Delaware State Drink: Milk
Delaware's official state beverage is milk, designated in 1983. Learn why Delaware chose milk over other drinks, how dairy farming shaped the state's agricultural identity, and how Orange Crush became a separate official state cocktail in 2024.
Milk
Official State Drink of Delaware
- Designation
- State drink
- Adopted
- 1983
- Category
- Dairy beverage
- Represents
- Delaware agriculture
Why Delaware Named Milk Its Official State Drink
Most people think of Delaware in terms of corporations and tax law. The Delmarva Peninsula — the narrow strip of land Delaware shares with portions of Maryland and Virginia — tells a different story. When the legislature moved to designate a state beverage in 1983, dairy farming was still a visible and economically meaningful part of what Delaware produced.

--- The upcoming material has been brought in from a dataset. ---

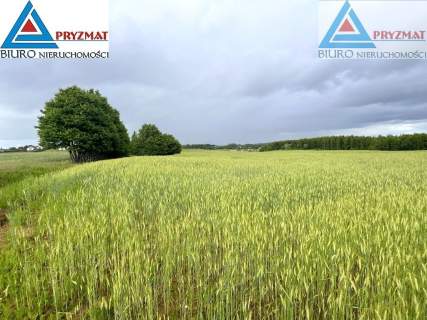 SPRZEDAM DZIAŁKĘ - GADY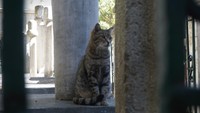 Bagi traveler pecinta kucing, liburan ke Istanbul Turki adalah sebuah pilihan yang menarik. Apalagi liburan ke sini tidak perlu visa lho traveler! (Wahyu Setyo/detikTravel)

The choice of milk was not a vague feel-good gesture. It was a signal: that Delaware's rural, working landscape mattered and deserved recognition alongside the state's identity as the incorporation capital of the United States. Milk grounded the state in something tangible and local — something that came from the land rather than from a courthouse.
The 1970s and early 1980s saw a wave of milk designations across the country, driven by dairy industry advocates and farm bureaus pushing for official recognition. Delaware's 1983 designation fits that era. What it also reflects is that Delaware's farm community was organized enough, and politically connected enough, to get it done.
Dairy Farming on the Delmarva Peninsula
Agriculture in Delaware has long been dominated by poultry — the state's broiler chicken industry is nationally significant and historically defines Sussex County, the southernmost and most rural of Delaware's three counties. Dairy ran alongside it, concentrated in the north, where farms in New Castle and Kent counties maintained herds and sold milk through Mid-Atlantic regional cooperatives.
Delaware's dairy operations were never the scale of the major production states. They were family farms supplying regional markets — not famous, but steady — and their presence shaped the agricultural character of communities that exist well outside Delaware's more visible corporate and coastal identities.
By 1983, those farms were already shrinking. The dairy operations that remained were smaller than they had been a generation earlier, and the people running them knew it. The state beverage designation landed in that context — an acknowledgment, from the statehouse, that what was still there was worth naming.
Key milestones
Delaware designates milk as the official state beverage, recognizing the state's dairy farming heritage across New Castle and Kent counties.
Delaware enacts House Bill 444 in August 2024, designating Orange Crush as the official state cocktail — a new category that leaves the milk designation intact.